■ Your objective
Please transcribe every record below exactly as written.

■ Brief descriptive captions
=====

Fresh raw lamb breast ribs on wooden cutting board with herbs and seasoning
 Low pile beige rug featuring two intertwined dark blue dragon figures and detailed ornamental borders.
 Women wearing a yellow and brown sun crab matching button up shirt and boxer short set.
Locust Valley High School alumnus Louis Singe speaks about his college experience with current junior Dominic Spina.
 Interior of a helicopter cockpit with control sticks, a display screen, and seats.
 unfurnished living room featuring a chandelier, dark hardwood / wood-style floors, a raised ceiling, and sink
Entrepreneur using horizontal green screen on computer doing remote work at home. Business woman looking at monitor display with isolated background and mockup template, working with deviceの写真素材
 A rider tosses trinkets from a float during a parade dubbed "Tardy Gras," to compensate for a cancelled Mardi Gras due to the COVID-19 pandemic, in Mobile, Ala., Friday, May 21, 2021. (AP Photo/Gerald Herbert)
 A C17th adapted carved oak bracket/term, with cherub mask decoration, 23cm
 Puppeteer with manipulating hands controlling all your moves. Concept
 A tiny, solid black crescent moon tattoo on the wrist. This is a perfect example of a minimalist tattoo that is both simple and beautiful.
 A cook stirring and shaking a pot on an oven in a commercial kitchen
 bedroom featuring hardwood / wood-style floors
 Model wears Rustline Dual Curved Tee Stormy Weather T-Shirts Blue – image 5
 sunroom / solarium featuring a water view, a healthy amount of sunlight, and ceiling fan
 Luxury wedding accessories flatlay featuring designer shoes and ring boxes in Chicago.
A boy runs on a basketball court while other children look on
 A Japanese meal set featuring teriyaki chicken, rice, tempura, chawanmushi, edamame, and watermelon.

=====

■ Task output
Fresh raw lamb breast ribs on wooden cutting board with herbs and seasoning
 Low pile beige rug featuring two intertwined dark blue dragon figures and detailed ornamental borders.
 Women wearing a yellow and brown sun crab matching button up shirt and boxer short set.
Locust Valley High School alumnus Louis Singe speaks about his college experience with current junior Dominic Spina.
 Interior of a helicopter cockpit with control sticks, a display screen, and seats.
 unfurnished living room featuring a chandelier, dark hardwood / wood-style floors, a raised ceiling, and sink
Entrepreneur using horizontal green screen on computer doing remote work at home. Business woman looking at monitor display with isolated background and mockup template, working with deviceの写真素材
 A rider tosses trinkets from a float during a parade dubbed "Tardy Gras," to compensate for a cancelled Mardi Gras due to the COVID-19 pandemic, in Mobile, Ala., Friday, May 21, 2021. (AP Photo/Gerald Herbert)
 A C17th adapted carved oak bracket/term, with cherub mask decoration, 23cm
 Puppeteer with manipulating hands controlling all your moves. Concept
 A tiny, solid black crescent moon tattoo on the wrist. This is a perfect example of a minimalist tattoo that is both simple and beautiful.
 A cook stirring and shaking a pot on an oven in a commercial kitchen
 bedroom featuring hardwood / wood-style floors
 Model wears Rustline Dual Curved Tee Stormy Weather T-Shirts Blue – image 5
 sunroom / solarium featuring a water view, a healthy amount of sunlight, and ceiling fan
 Luxury wedding accessories flatlay featuring designer shoes and ring boxes in Chicago.
A boy runs on a basketball court while other children look on
 A Japanese meal set featuring teriyaki chicken, rice, tempura, chawanmushi, edamame, and watermelon.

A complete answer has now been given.